Police are investigating allegations Lowe sold artwork to collectors and then never paid the artists fully, which is required under law. Cooper explained this could be a violation of the Georgia Consignment of Art Act.
"Once the item is sold, there is responsibility to pay the artist first, make them whole before they (gallery owners) spend any profit or proceeds," explained Lowe.
Not only did I find it interesting that Bill Lowe knew something about paying artists in a timely fashion, but I was astonished to learn that he was being investigated for fraud. And all of this had happened without me knowing a thing about it. It was time (once again) to think about Bill Lowe and The Bill Lowe Gallery.

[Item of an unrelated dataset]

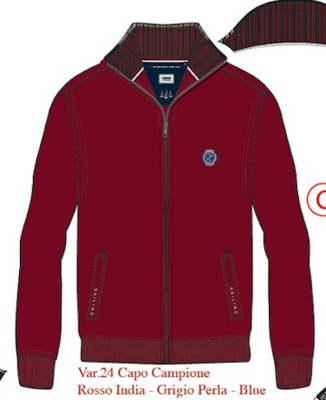 MEN'S SWEATSHIRT 51F9303 Tellini S.r.l. Wholesale Clothing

Among the tidbits I have gleaned from being an artist for as long as I have, is that should a gallery go bankrupt, the artwork therein becomes part of the assets distributed by the court. It is then up to the artist who has it on consignment to fight in court for it’s return.
“Hmmmmm,” I thought, “perhaps I am in danger of having my work confiscated." I thought about this situation. I talked to people. I thought a bit more. What could I do about this? I decided I needed to get my artwork shipped back to me as soon as possible. So I set about doing just that.
“What do I have to lose?“ I had asked philosophically, when trying to decide whether I should do business again with Bill Lowe. It turns out I could have lost a fair amount. However I was fortunate (as my wife was sure to remind me). My losses were merely the cost of shipping my artwork to Atlanta and back in a years time.
And that amount was dangerously approaching the well-respected 7 thousand dollars mark. An amount that John Spears and I had successfully wrestled from Bill Lowe's grip long ago.